By Devon Wendell
Costa Rican composer and percussionist Luis Muňoz is one of the most vibrant and dedicated Latin jazz artists on the scene today. His new album VOZ is an obvious labor of love which fuses Brazilian jazz, and “crossover” pop. But there’s a refreshing purity about VOZ. Muňoz is joined by special guests: Claudia Acuňa, Magos Herrera, and Téka on vocals.
“Preludio Y Fin” is a beautiful jazz ballad. Magos Herrera’s delicate and mournful vocal phrasing is complimented by Adam Asarnow’s thoughtful and masterful piano accompaniment. Jonathan Dane’s trumpet style here is reminiscent of Miles Davis’ finest ballad recordings of the late 1950s. Muňoz’s brush work on the drums is subtle and absolutely superb. A stunning piece of music.
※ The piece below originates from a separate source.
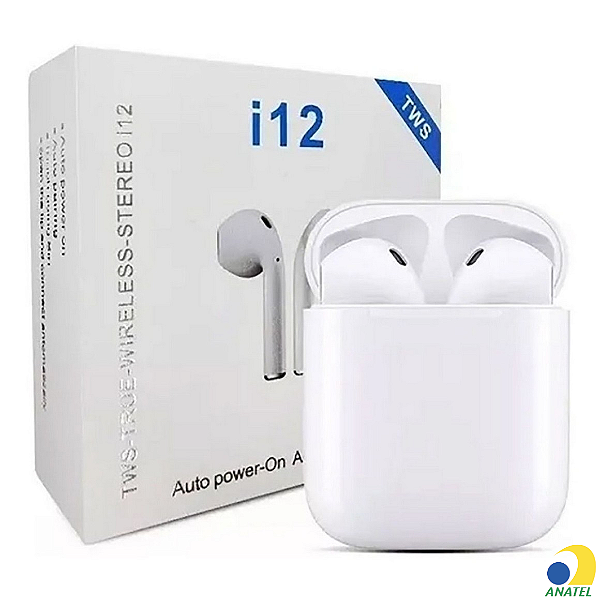 Fone De Ouvido Sem Fio Bluetooth 5.0 I12 Tws Touch Compatível Android IOS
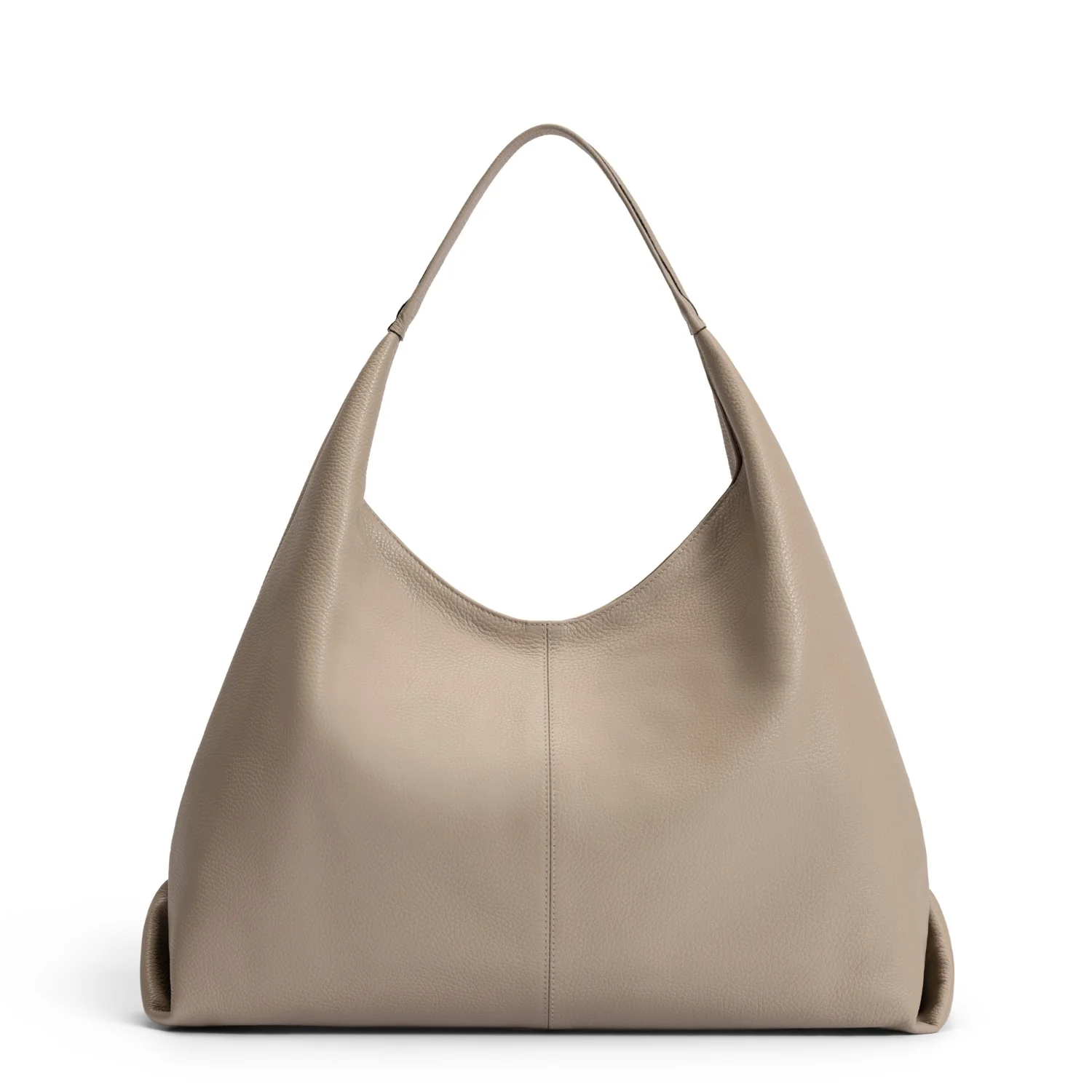 Isabel Bernard Honoré Grace taupe calfskin leather shoulder bag IB25093-078 - Image 5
“Manantial” features the incomparable Téka, one of the most original and powerful vocalist/guitarists to come out of Brazil in many years. She is featured on both lead and backing vocals. Her breathy, sensual vocals glide beautifully atop of Ron Kalina’s chromatic harmonica lines. No one sounds like Téka. Muňoz’s sensitive drumming and colorful texturing on the Fender Rhodes piano adds depth and complexity to this “crossover” pop composition.
“Argentina” was written by Nicaraguan lyricist Luis Enrique.
Jonathan Dane’s Flugelhorn is melodically and harmonically complex. Magos Herrera’s vocals are poignant and plaintive. Brendan Statom’s acoustic bass lines weave in and out of the melody like a wonderful dream.
Muňoz plays it cool, maintaining a mostly subordinate role in the overall band sound. This is a haunting piece of music but not as darkly stunning as the instrumental “Journey Into Saint Augustine.” Daniel Zimmerman’s acoustic guitar dances around Jonathan Dane’s muted flugelhorn phrasing, while Brendan Statom’s bass lines keep it all together. A lovely musical dance among three amazing musicians.
“Pasiόn” was written by the great Panamanian lyricist Romulo Castro. No one can turn a phrase like Téka and this composition is further proof of her amazing skills. Téka’s longtime guitarist Chris Judge accompanies her every nuance perfectly. Ron Calina’s harmonica lines almost sound like a great alto-sax player.
Trumpeter Jonathan Dane is one of the brightest stars on this album. His tone echoes Freddie Hubbard’s on “Testamento/Mas Alla” and Magos Herrera’s lead vocals are subdued, controlled, and full of melancholy.
Most of the album has a sad and mournful feel to it. “Amarilis” will bring tears to your eyes. It’s just a quartet performance consisting of Jonathan Dane, trumpet, Luis Muňoz, melodica, Brendan Statom, bass, and Daniel Zimmerman, on acoustic guitar. Muňoz’s melodica playing is perfectly in tune (a rarity for this instrument) and tasteful.
Téka’s rich vibrato and melodic phrasing on “Quisiera” (co-written by Jaime Gamboa) is the highlight of the entire album. Téka shares the lead vocal spot with Claudia Acuňa. Jonathan Dame’s trumpet follows every breathtaking twist and turn of the vocals with taste and purpose. Chris Judge’s guitar accompaniment is sweet and thematic.
The album closes with “Amanecer Luminoso”, written by Costa Rican poet Osvaldo Sauma. This is a sweet but stark lullaby, a piano-vocal duo. Magos Herrera’s tender vocals are accompanied by some very subtle piano comping by Adam Asarmow.
Luis Muňos’ VOZ is a beautifully pure album of some romantically dark and sincere Latin jazz at its best. Muňoz plays more of a background role, letting fantastic artists like Teka, Claudia Acuňa, and Magos Herrera shine on this carefully crafted masterpiece.